Nos minutos finais, o filme, infelizmente, desanda
Não dá para não registrar, também, a forma com que que o filme mostra o comportamento dessa personagem interessante, fascinante mesmo, que é a detetive Cassie Mayweather, diante do sexo.
Há um diálogo entre ela e seu assistente, parceiro, Sam, ainda no início da narrativa:
Cassie: – “Você sabe por que eles me chamam de hiena?”
Sam: – “Não. Por quê?”
Cassie: – “As hienas fêmeas têm uma espécie de pênis falso. Tire aí sua conclusão.”
Sam: – “Isso incomoda você?”
Cassie: – “Não. Eu uso calças compridas bem largas, então não é um problema.”
Cassie parte para cima de Sam direto e reto. Ele não quer, afinal ela é a parceira dele, ele está acabando de chegar, no lugar em que se ganha o pão não se come a carne, tal e coisa. Mas Cassie parte para cima dele, e o pobre rapaz não tem outro jeito a não ir em frente. Assim que o troço acaba, Cassie o bota para fora da sua cama e da sua casa.
Cassie – parece que é isso que o filme quer mostrar – se transformou num tipo um tanto masculino. Porque já sofreu demais, porque não quer sofrer de novo, reage como um homem bruto: depois que comeu, expulsa o outro da vida.

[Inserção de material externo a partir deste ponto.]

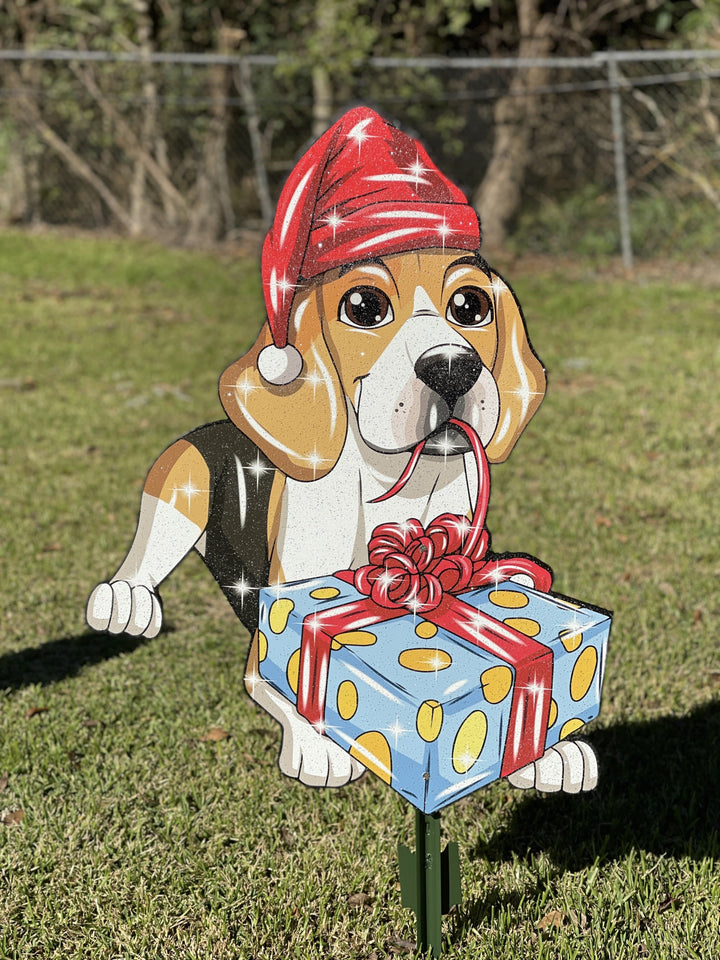 Christmas Dog Outdoor Decoration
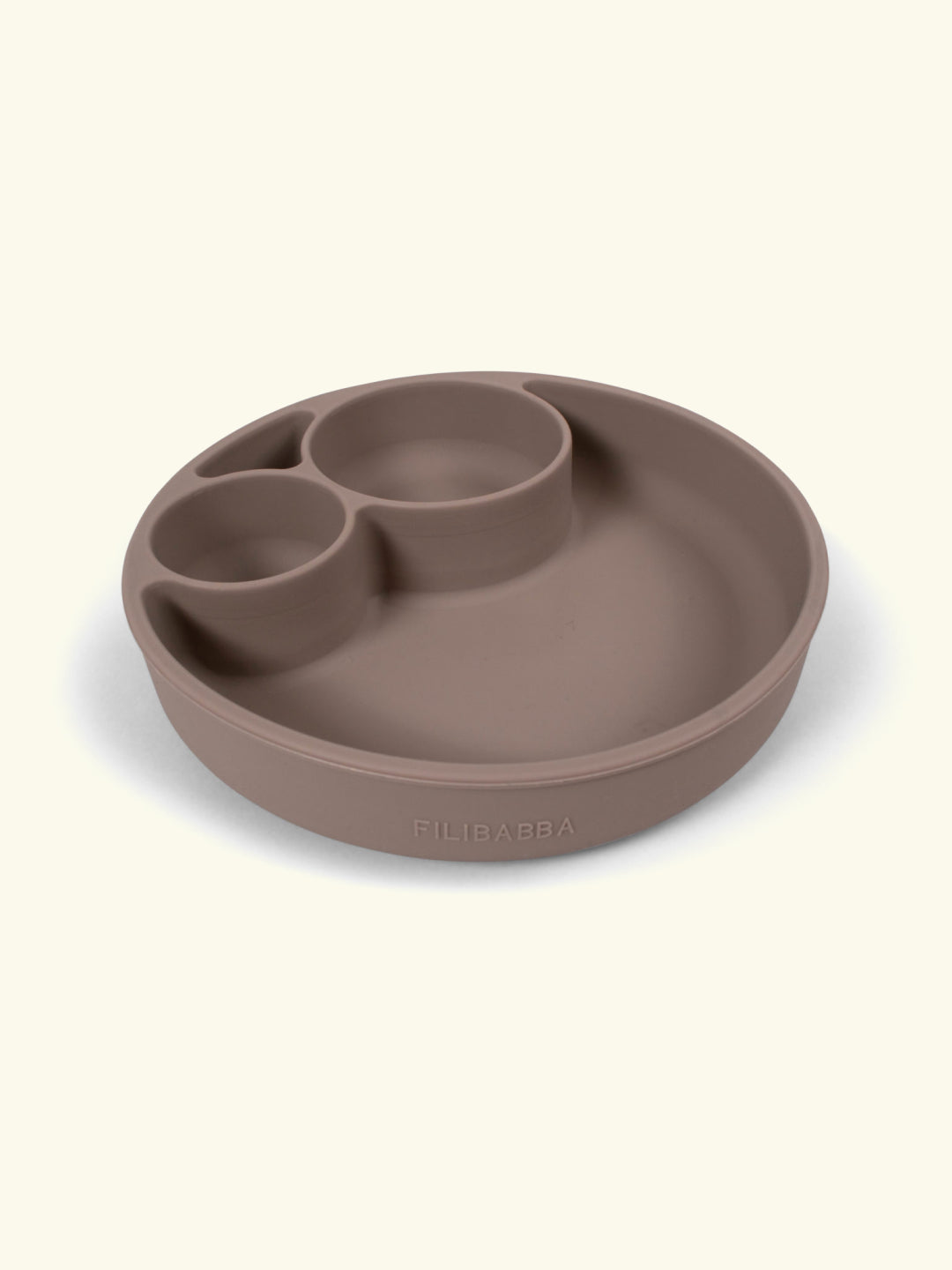 Filibabba silikoonist sektoritega taldrik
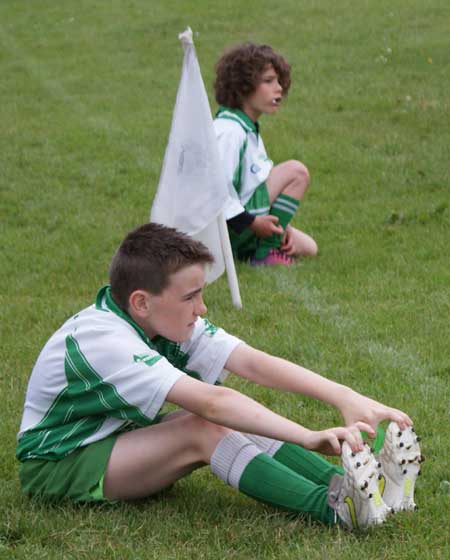 Action from the under 12 league match against Bundoran.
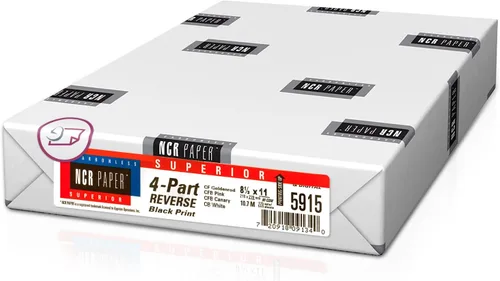Vista 12 de NextDayLabels Papel NCR autocopiador, 2 partes inversas #5887, 8.5 x 11 2 Parte - Inversa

Não sei o que as feministas xiitas diriam de Cassie – nem quero saber. Os xiitas, todos sabemos, são especialmente chaatos. O personagem, e a forma com que Sandra Bullock a interpreta, me fascinaram.
Leonard Maltin deu ao filme 2.5 estrelas em 4: “Detetive de homicídios Bullock – uma brilhante solitária com bagagem emocional pesada – trabalha com seu novo parceiro (Chaplin) no caso de um homicídio brutal cometido por dois estudantes de high school que desejam cometer o crime perfeito, à la Leopold e Loeb. Ainda mais um thiller contemporâneo que joga fora todas as suas boas qualidades por se render a um final tolo, antiquado, de Hollywood.”
Está certíssimo o Maltin. Nos últimos minutos do filme, muito provavelmente cedendo às ordens dos produtores, Barbet Schroeder se permite acabar nos exageros idiotas que Hollywood exige para seus thrillers.
Uma grande pena – e um especial absurdo, porque ao longo de, digamos, uns 105 dos 115 minutos de filme, Schroeder consegue fazer um filme racional, lógico. Para, nos últimos 10 minutos, partir para aquela bobagem danada que é o exagero, a violência.
Pena.
Anotação em abril de 2010
Cálculo Mortal/Murder by Numbers
De Barbet Schroeder, EUA, 2002
Com Sandra Bullock (Cassie Mayweather)
e Ben Chaplin (Sam Kennedy, o parceiro de Cassie), Ryan Gosling (Richard Haywood), Michael Pitt (Justin Pendleton), Agnes Bruckner (Lisa Mills, a colega de Richard e Justin), Chris Penn (Ray, o traficante funcionário da escola), R.D. Call (capitão Rod Cody, o chefe de Cassie e Sam), Tom Verica (Al Swanson, o assistente de promotor), Janni Brenn (Ms. Elder), John Vickery (gerente do restaurante chique), Michael Canavan (Mr. Chechi), Krista Carpenter (Olivia Lake), Neal Matarazzo (policial no flashback), Adilah Barnes (técnica de laboratório), Jim Jansen (advogado)
Argumento e roteiro Tony Gayton
Fotografia Luciano Tovolli
Música Clint Mansell
Montagem Lee Percy
Casting Howard Feuer
Produção Warner Bros., Castle Rock Entertainment, Schroeder Hoffman Productions.
Cor, 115 min (1h55)
R, ***
Sempre achei esse filme da hora, mas o final sempre me incomodava, um personagem inteligente com Justin Pendleton (Michael Pitt), cair naquela armadilha tão tosca, ficou forçada demais. Parabéns pelo belo texto Sérgio.